Unless you’ve been living under a rock, if you participate in the Tumblr art nude/erotic image community, then you know who the fuck Chip Willis is. The list of model with whom he has collaborated might as well be the Tumblr model A-list.

Honestly though, I’ve always felt meh-ish at best about his work. I mean, don’t get me wrong: it’s quality; it just hasn’t ever really moved me.

This image connects somehow. And I think it has to do with the fact that it features Kelsey Dylan.

The first image I ever saw of hers was the incredible Polaroid diptych by rabbits. This is one of those times where my thoughts don’t align all that well with language. But the aforementioned photos resonate with an unnerving curation of representational identity–looking at them my body has this strange psuedo-synesthetic response where I physically itch in a way that is half mosquito bite, half throbbing erogenous arousal. It’s an experience that bypasses critical/conceptual academnification via an impossible, coup de grace killshot, the bullet lodging in the liminal space between the thinking mind and the feeling brain.

It’s not just the Polaroid diptych, the majority of Dylan’s work seems to have a similar effect on me.

Therein lays the bait. But by the time I’ve realized it, the hook is set–or more accurate Willis’ image becomes something of a labyrinth I must now learn to navigate because I have found myself unexpectedly at its center.

If you know you’re in a maze, you just pick either the wall to your left or right and you as long as you follow that wall without deviation, you will eventually find your way out.

This image provides two clues as to how it is to be interpreted–and looking back over Willis’ work, these seem to hold true throughout:

  1. The image maker is aware of the voyeuristic slant the content contributes to the image,
  2. The image represents an effort to sublimate tropes and tableaux customarily relegated to the realm of pornography by employing methods associated with Art practice.

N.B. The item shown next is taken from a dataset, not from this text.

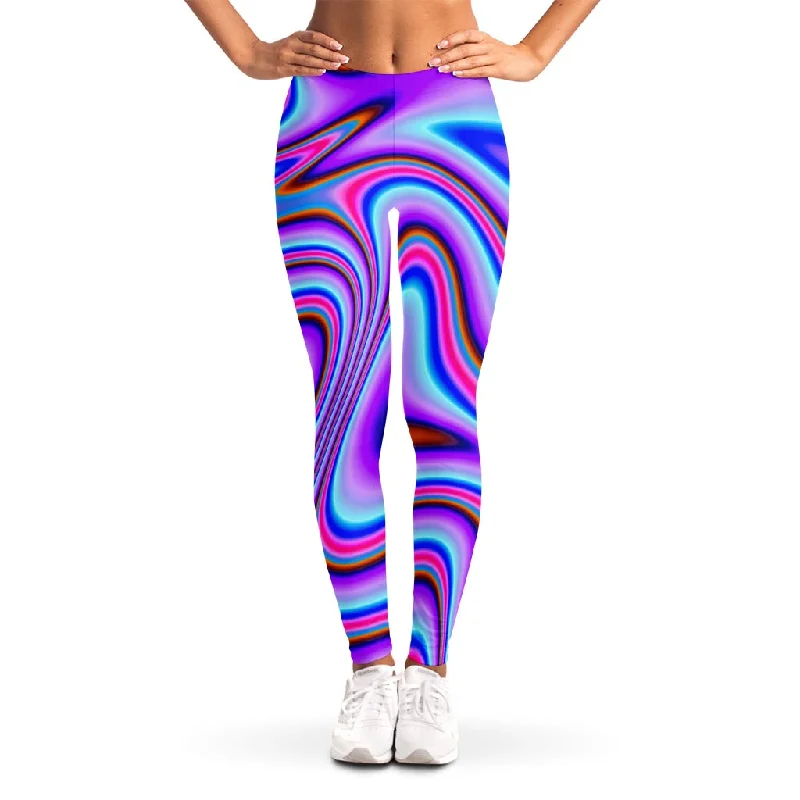 Purple Psychedelic Trippy Print Women's Leggings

I suspect Mr. Willis would probably object to the second point. He might contend that he’s interested in presenting a narrative. But as with every image maker who uses an image’s potential to convey a story, the truth is: indubitably narrative images tend to be the exception not the rule.

What possible narrative could this image entail? What reason is there for such a pose? Is Dylan being fucked by the light pouring in through the open window? Hardly.

The futon is positioned with more a mind to mise en scene than interior design and the framing of the doorway imposes a sense of voyeurism on the proceedings. That it is a wide shot–presenting a more or less complete context–shifts it away from its pornographic trappings and towards a mediation on representation of physical identity, sexuality and objectification.